- **PROBLEM TO WORK ON**
Output, exactly as written, the lines below starting at the line containing "India, Rajasthan, Jaisalmer." and ending at the line containing "Ride onboard with". Drop the pictures and keep both end lines.

- **INPUT**
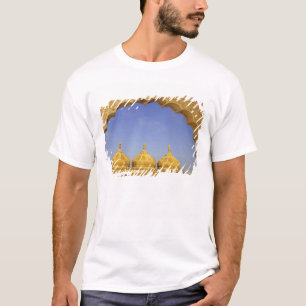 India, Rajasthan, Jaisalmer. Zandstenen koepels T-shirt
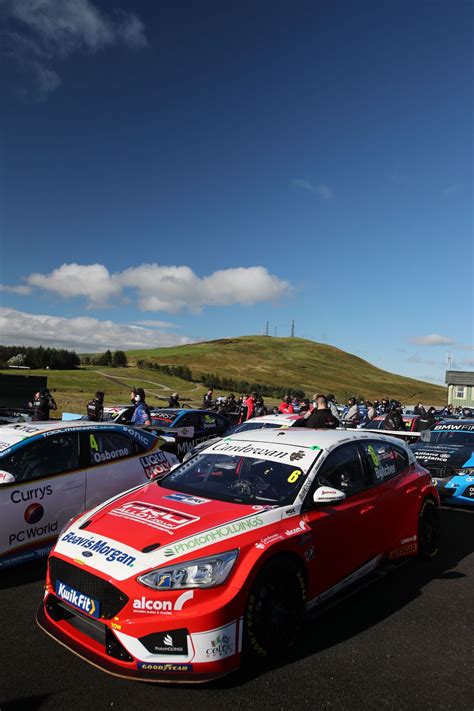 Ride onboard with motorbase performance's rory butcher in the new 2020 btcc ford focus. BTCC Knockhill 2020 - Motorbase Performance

--

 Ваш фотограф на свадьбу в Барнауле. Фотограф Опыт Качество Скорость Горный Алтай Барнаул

- **RESULT OF THIS TASK**
 India, Rajasthan, Jaisalmer. Zandstenen koepels T-shirt
 Ride onboard with motorbase performance's rory butcher in the new 2020 btcc ford focus. BTCC Knockhill 2020 - Motorbase Performance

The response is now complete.